I own one of those too (see attached pic)


----------



## Clochette (Oct 1, 2017)

CraigC said:


> We used to make a two cheese crepe that was baked in the oven and served with a light tomato sauce, The cheeses were fontina or fontenella and motz. Along with a salad they were good for a quick meal. Thanks for reminding us about savory crepes and welcome to DC.
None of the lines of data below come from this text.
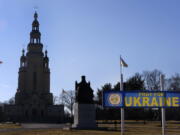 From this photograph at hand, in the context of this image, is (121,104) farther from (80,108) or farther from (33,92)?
(33,92)

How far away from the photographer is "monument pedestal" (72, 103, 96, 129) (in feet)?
143

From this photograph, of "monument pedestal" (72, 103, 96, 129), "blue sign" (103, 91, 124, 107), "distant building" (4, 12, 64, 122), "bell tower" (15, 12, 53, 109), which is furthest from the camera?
"bell tower" (15, 12, 53, 109)

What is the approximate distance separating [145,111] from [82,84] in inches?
1893

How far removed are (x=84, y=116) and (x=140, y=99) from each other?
19.7 meters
Mmmmh sounds delicious. Thanks!


----------



## Clochette (Oct 1, 2017)

di reston said:


> I have my own crépe recipe, used it for years, and it always works well. I don't use it too often because my main optique in our diet is that it should above all healthy within the parameters of our own dietary requirements as advised by the doc. Sounds boring, and I can tell you it darn well is sometimes. So crépes are a luxury for us, but, boy, do we enjoy them when I do them! It seems like all our Christmases have come at once!
> 
> di reston
> 
> ...



Crêpes always feel special to me too even though I'm not under any special diet. It takes some time to make so I can't have some so often. Hope you can enjoy some soon 

Clochette


----------



## Clochette (Oct 1, 2017)

Kaneohegirlinaz said:


> Welcome to DC!!!
> 
> Crepes are wonderful for a savory meal.
> My girl friend, Missus Dear Friend and I go to lunch about every two weeks or so and there's this great little place in town that offers crepes.
> ...



Thanks Kaneohegirlinaz!!

Looks delicious! Never tried it with avocado. Thanks for the good idea!


----------



## Clochette (Oct 1, 2017)

buckytom said:


> Oui, that's it. Merci.
> 
> What is the word for it in French?
> 
> Parakeet perch/crepe rack doesn't sound appetizing.



De rien 

The french for it is "rateau à crêpes". Doesn't sound too appetizing in french either!! I'm glad I didn't know about its name so far and will keep on not calling it that way


----------



## buckytom (Oct 1, 2017)

Oh, that's funny. This reminds me of the animated movie Ratatouille. Have you seen it?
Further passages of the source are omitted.